Moeen Ali has called on Michael Vaughan to “step up” in English cricket’s fight against racism, as he opens up publicly for the first time on a historic tweet from Vaughan that suggested Moeen should ask young Muslims if they are terrorists to help make society safer.
In a new documentary ‘Is Cricket Racist?’, to be aired on Channel 4 in the UK, Moeen was asked by the presenter Adil Ray what he thought of Vaughan’s tweets from 2017, in which Vaughan first endorsed a Daily Mail column by Piers Morgan arguing Muslims need to root out extremist elements from their communities themselves. At the time, Ray asked Vaughan on Twitter whether he expected Moeen to go around asking Muslims he didn’t know whether they knew terrorists in between matches. Vaughan replied yes, if it helps “our kids future and environment become a safer place”.
“It was very silly,” Moeen tells in the documentary of Vaughan’s tweets. “Dumb really. We need people like him to step up for us. As Muslims, or any other faith really. And just be a bit smarter. I think he has also realised that times are changing and he has to change.”
Vaughan has apologised for the historic tweets, most recently at the Cricket Discipline Commission (CDC) racism hearings in March. At those hearings, Vaughan was eventually cleared of having made a racist comment to Azeem Rafiq and three other Yorkshire players of South Asian heritage before the start of a T20 game in 2009.

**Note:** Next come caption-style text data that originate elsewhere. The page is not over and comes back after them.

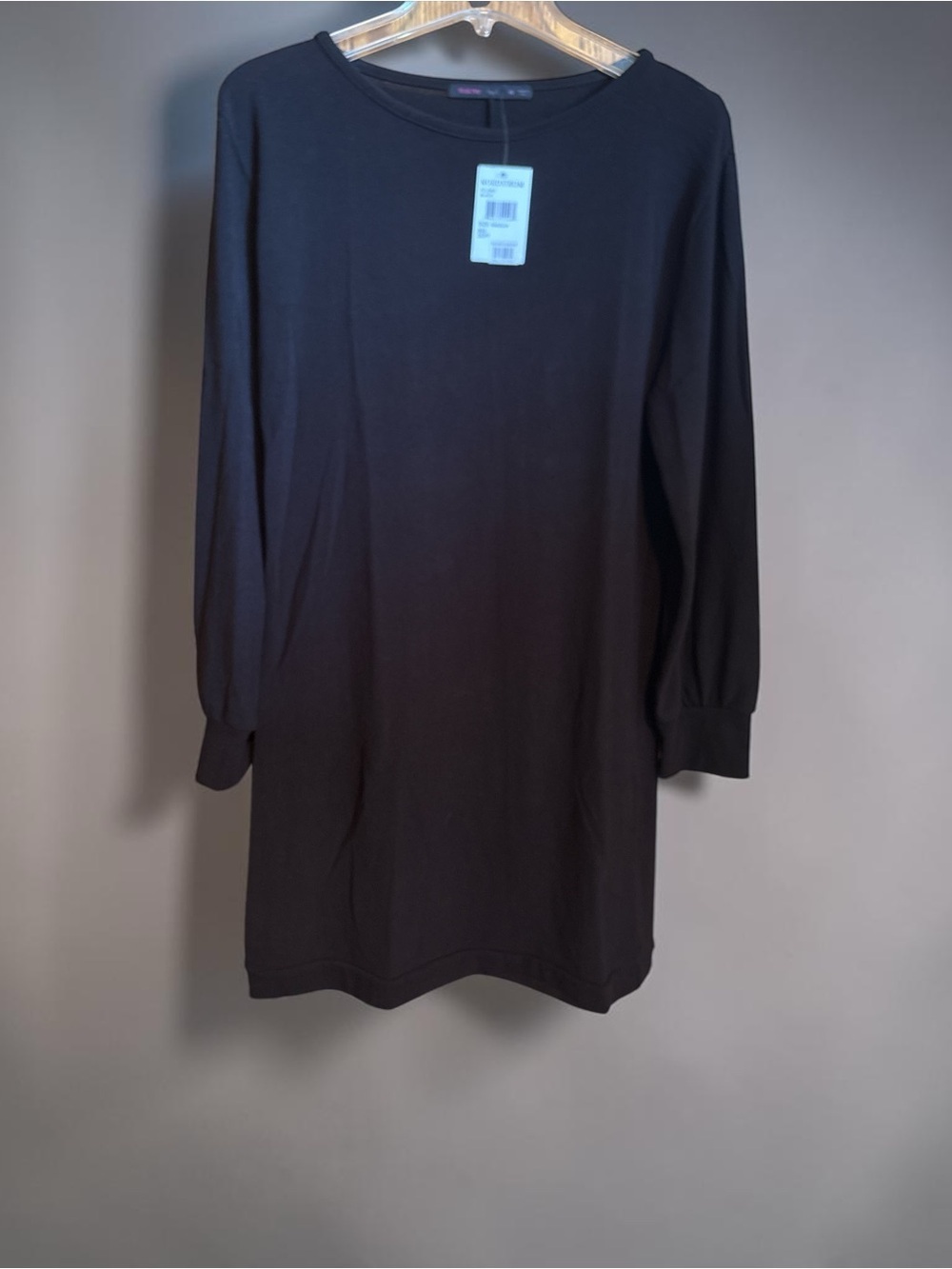 Women's Black Mini Dress with Long Sleeves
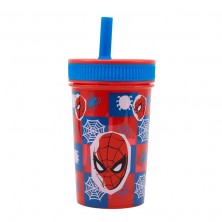 Vaso con Pajita Silicona Spiderman 465 ml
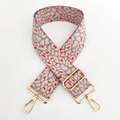 Adjustable leopard print canvas bag strap with pink and red patterns and gold hardware - Gold Buckle / No.4 Grey Blue Pink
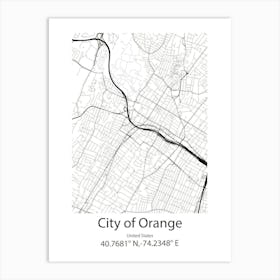 City Of Orange,United States Minimalist Map 1 Art Print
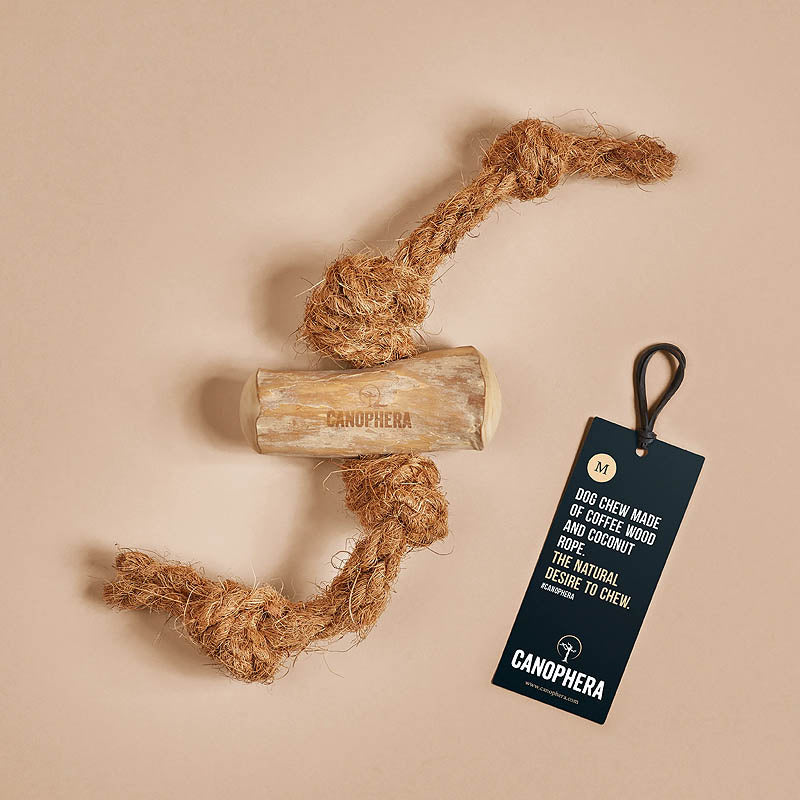 Hundekauspielzeug aus Kaffeeholz und Kokosseil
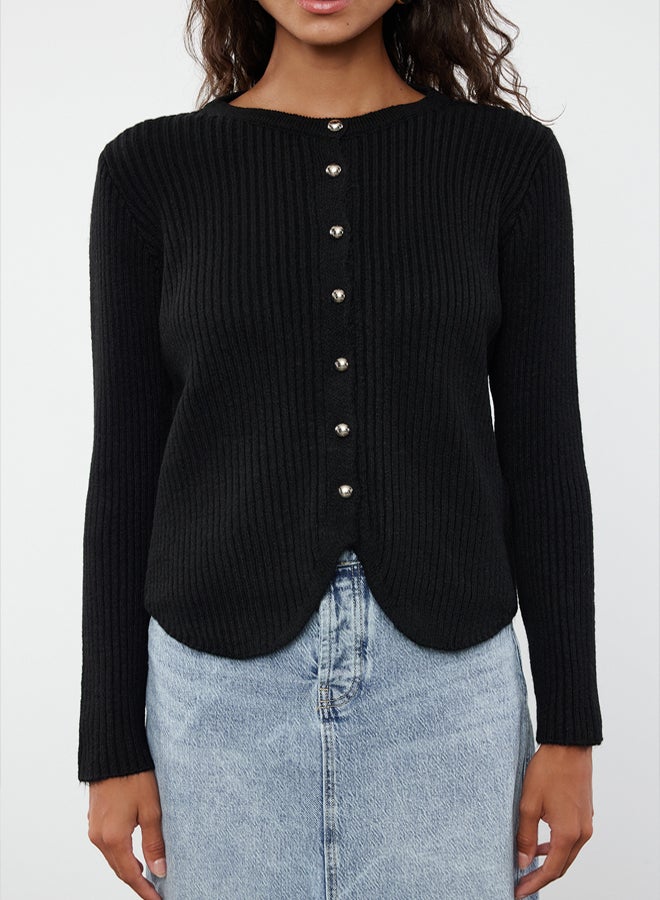 trendyol Black Crew Neck Knitwear Cardigan TWOAW25HI00172 - Image 3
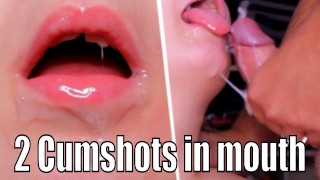 2 Cumshots in Mouth ! Cuck is always second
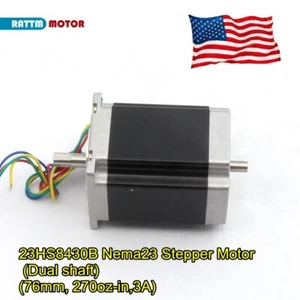 【US】CNC Nema23 Stepper Motor 270oz.in 3A 76mm Hybrid Dual Shaft For CNC/Printer - Picture 1 of 7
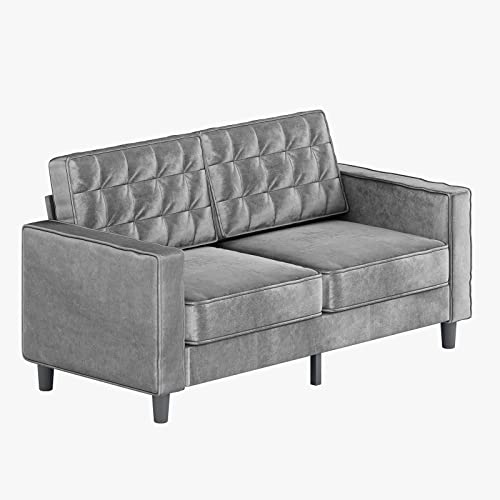 MUZZ Velvet Loveseat Sofa, Modern Upholstered Love Seat Sofa with Tufting-Bolster, Love Seat Furniture for Small Spaces, Living Room, Bedroom, Office(Grey)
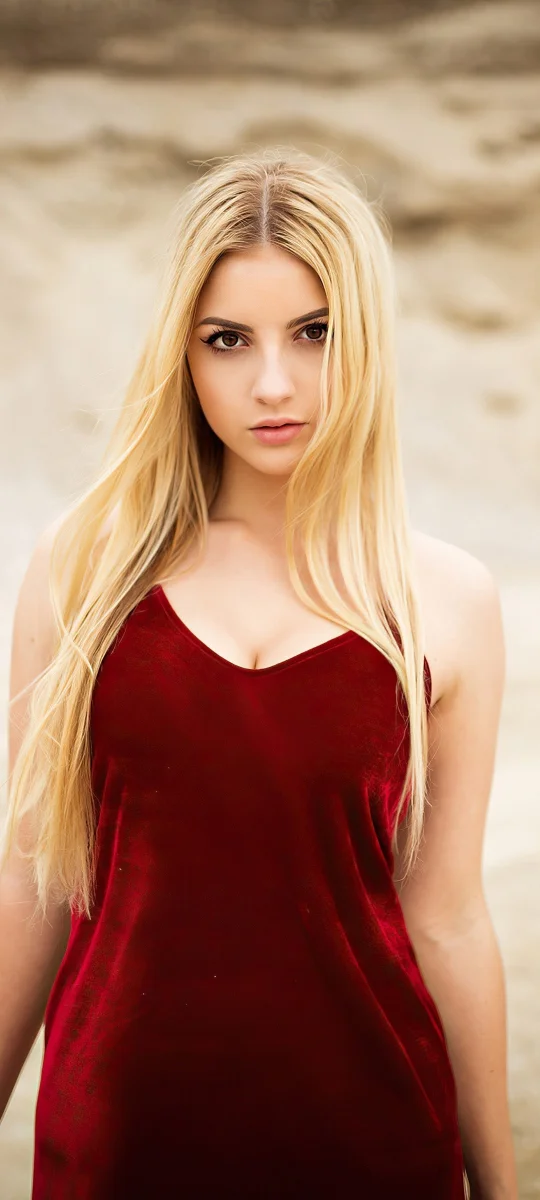 A girl in a red velvet dress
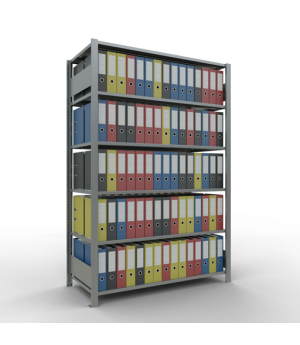 Büroregal Steckregal Grundregal , 2000x1300x600 mm, 6 Fachböden, 150 kg Fachlast, Längenriegel, verzinkt, mit Mittelanschlag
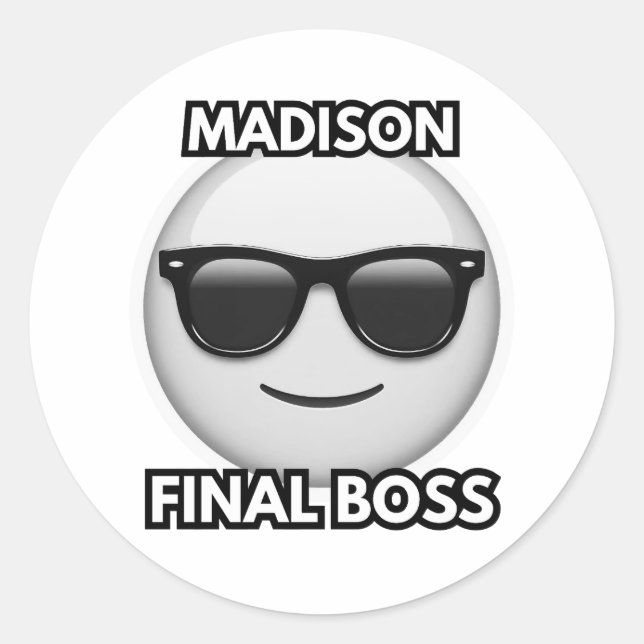 Rond Madison Final Boss Cool Emoji Sticker (Devant)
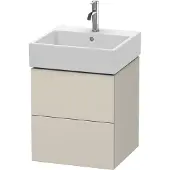 Duravit L-Cube Waschtischunterbau wandhängend, 2 Schubkästen, 484x544x459mm, LC627409191, Farbe: Taupe Matt Dekor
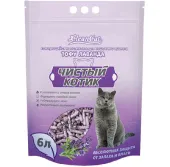 Чистый котик наполнитель комкующийся ТОФУ лаванда, 6л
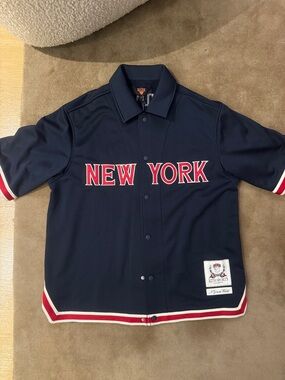 Kith Navy Short-Sleeve Button Jersey with Red & White 'New York'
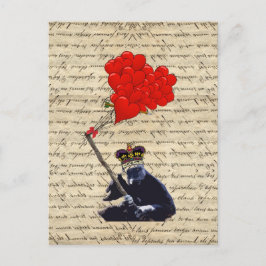 Cartão Postal Gorila e balões cardíacos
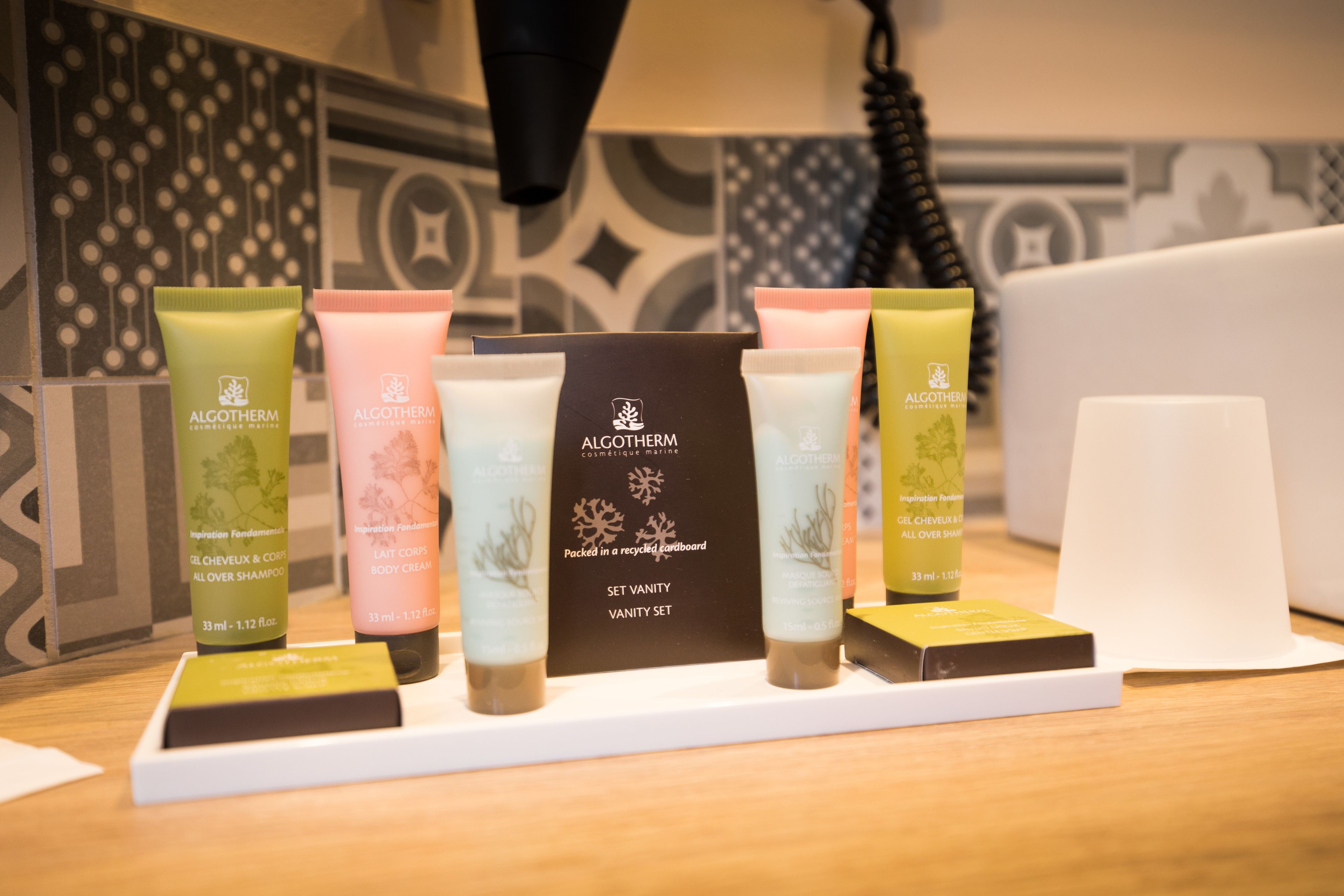 free toiletries, hair dryer, towels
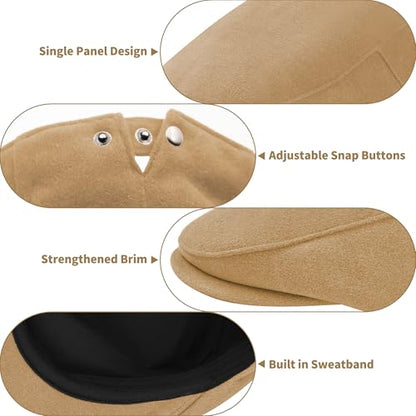 Men's Adjustable Newsboy Hat Classic Flat Gatsby Cabbie Ivy Cap for Golf Driving Winter - color: Tan, size: Large
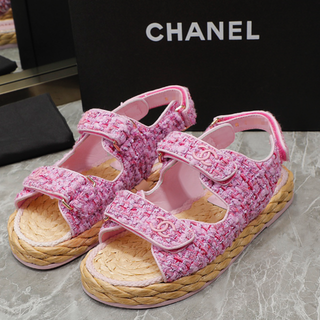 くすみ水色 CHANEL ツイード生地の可愛いサンダル37 - 通販 - www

But the Moeen tweet, as well as a few others, formed the central part of the ECB’s case against Vaughan, their lead prosecutor Jane Mulcahy KC arguing that they were “remarkably similar in tone” to the remarks Vaughan was alleged to have made that were at the centre of the hearings. Six other players and support staff, as well as Yorkshire CCC itself,were found guilty in those hearings of having brought the game into disrepute through the use of racist and/or discriminatory language.
Since then, a long-awaited independent report has found deep-rooted discrimination within the game in England, on grounds of race, class and gender. The Independent Commission for Equity in Cricket (ICEC) report “Holding Up a Mirror to Cricket”, published last month, was based on evidence from 4000 people within the game. One of its areas of focus was the lack of representation of British South Asians in professional cricket, despite a much larger participation in recreational cricket.
“There’s [British Asian] players out there who are doing better than anyone else,” Moeen says in the documentary. “People won’t sign them for some reason. The South Asian player has to be almost outstanding most of the time, especially as a triallist whereas sometimes a white player doesn’t have to be outstanding, and he is getting signed.”
Moeen said Rafiq’s allegations and the consequences since then were part of a “shake-up” the game needed.
“Obviously sad [for Rafiq’s experiences], but it also felt like the game needed a shake-up,” he said. “The greatest thing that has come out of it for me is that people have a voice now, whereas before people have been very afraid to say anything.”
Is Cricket Racist? will air on Channel 4 at 11.05pm on July 18. It will also be available on the Channel 4 website.